Dirigent: Semyon Bychkow

Isolde - Waltraud Meier
Tristan - Gösta Winbergh
Brangäne - Mihoko Fujimura
Marke - Matti Salminen
Kurwenal - Peter Weber
Melot - Geert Smits


Von der Transsubstantiation
(Dominik Troger)

Während die Violinen durch das Vorspiel unglaublich zarte Liebesbande wanden, hoffte man schon auf die Erfüllung dieses eigentlich unerfüllbaren Tristan-Traumes. Denn was Wagner anno dazumal in schweizer-venezianischem Liebesschmerz auf das Notenpapier gebannt hat, ist ja wirklich schon von einem geradezu übermenschlichem Anspruch. Nun stand mit Semyon Bychkow auch ein Dirigent am Pult, dem man die Transsubstantiation dieser ekstatischen Leidenschaft schon zutrauen durfte. Es wogte dann über das Vorspiel auch wirklich gleich stürmisch weiter mit Isoldens, Waltraud Meiers, ersten liebesehnsuchtschmerzverzehrenden Ausbrüchen. Aber dann schien die See plötzlich geglättet und erst als der Hafen mit König Marke in Sicht kam, schlug einem dieser Tristan wieder über dem Kopf zusammen. Und so blieb es in Folge, ein im Detail sehr schön musiziertes Erlebnis, dass man nie und nimmer hätte missen wollen, das aber zugleich den Appetit auf die vollkommene Augenblicksvernichtung durch die Musik nicht zu stillen vermochte.
Seltsam, dass mir nach wie vor Zubin Metha als der begnadetere Tristan-Dirigent erscheint, dies umso mehr, weil er sonst bei Wagner oft keine so glückliche Hand bewiesen hat. Aber Metha, der ja für die letzte Aufführungsserie im 97er Jahre verantwortlich zeichnete, hat in diesem Falle jedenfalls mehr inneres Gespür für die so gern zitierten großen Bögen, für das Auf- und Abwogen dieser Musik, das einmal ganz unabhängig von den jeweiligen Gefühlsausbrüchen der Protagonisten zu betrachten ist.
Vielleicht lag es aber auch daran, dass Bychkow letztlich doch zuviel Rücksicht darauf nehmen musste, dass sowohl Meier als auch Gösta Winbergh, ihrem ureigensten Stimmcharakter nach, keine Isolde und kein Tristan sind.
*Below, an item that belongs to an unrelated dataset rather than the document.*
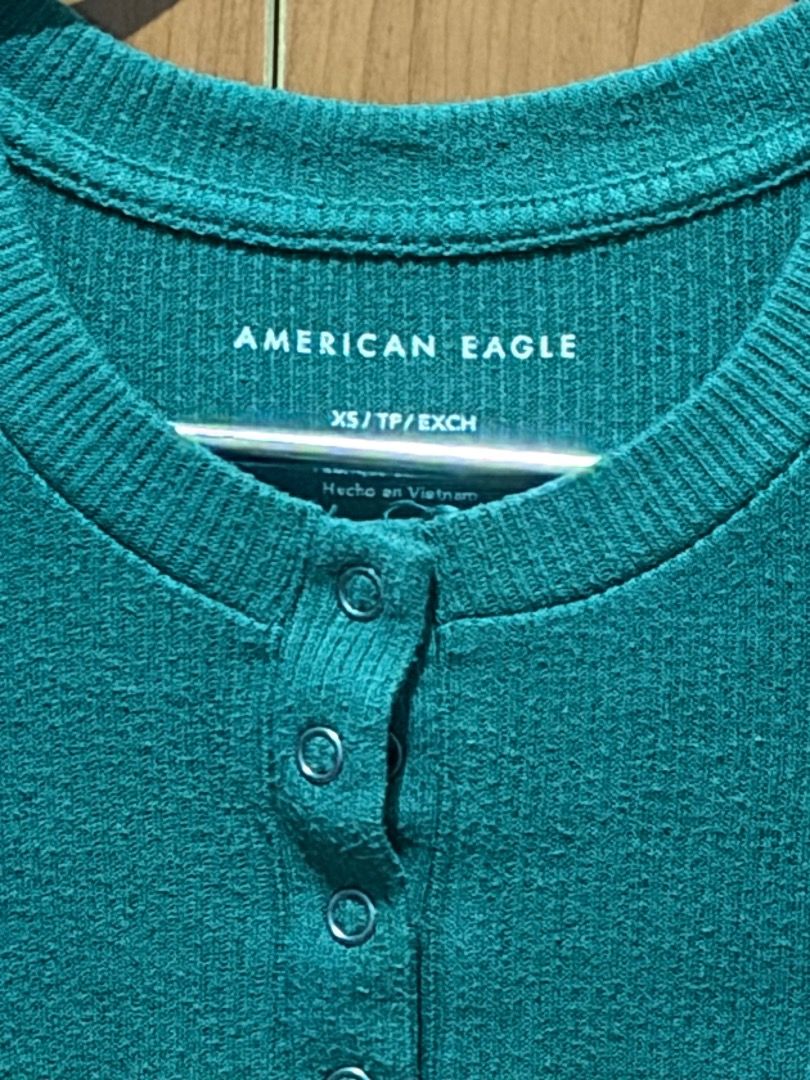 American Eagle Green Ribbed Henley Crop Top (Category: Shirts) located in Pasay City. Submitted by ianaxx.03 (Listing ID 1440695086, Image 2). Description: (Please take note that colors may differ due to lighting) IMPORTANT REMINDERS BEFORE ORDERING: 📌 NO RETURN, NO REFUND, NO EXCHANGE 📌MOP: Gcash 📦Shipping via GRAB or JNT 📦Shipping fee should be shouldered by customer 📍 Our location: Metro Manila, Makati City Shipping terms: 📦Once an order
Winbergh ist kein Heldentenor. Da fährt, wie man so sagt, die Eisenbahn drüber. Und auch wenn er so manchen Heldentenor in seiner Darstellung und gesanglichen Ausdruckskraft hinter sich ließ, so blieb dieses eine Manko doch immer hörbar und gerade in einem so großen Haus, wie der Staatsoper, beständig präsent. Für Waltraud Meier, die man ja auch nicht als hochdramatischen Heldensopran bezeichnen kann, gilt, - wenn auch eingeschränkt - ähnliches. Aber ihre unnachamliche intensive Rollengestaltung lässt einen gerne über die wenigen Stellen hinweghören, wo eben urgierte Qualitäten gefragt sind. Ob es allerdings langfristig ihrer Stimme gut tut, sich ohne Netz in solchen Partien zu verausgaben, mag stark bezweifelt werden. Einzig bei Matti Salminen als Marke trafen sich alle Wünsche in jener Perfektion, die man als Sternstunde bezeichnen darf und von der man wieder viele Jahre zu zehren hat.
Mihoko Fujimura bot eine solide Brangäne. Geert Smits (Melot) fiel ebenfalls positiv auf, während Peter Webers Kurwenal noch einiges an Feinschliff braucht..
Damit aber kein falscher Eindruck entsteht: Diese Aufführung war wirklich großartig, aber es fehlte dieser letzte Kick, um die Zuhörer in jene Außerzeitlichkeit zu befördern, wo ihre eigene Existenz im wogenden Klangraum zu mystischer Extase fähig wird. Und wem das als zu hochgestochen erscheint: Was ist Isoldes Liebestod anderes als die Überwindung des Daseins im Nirwana der absoluten Liebe?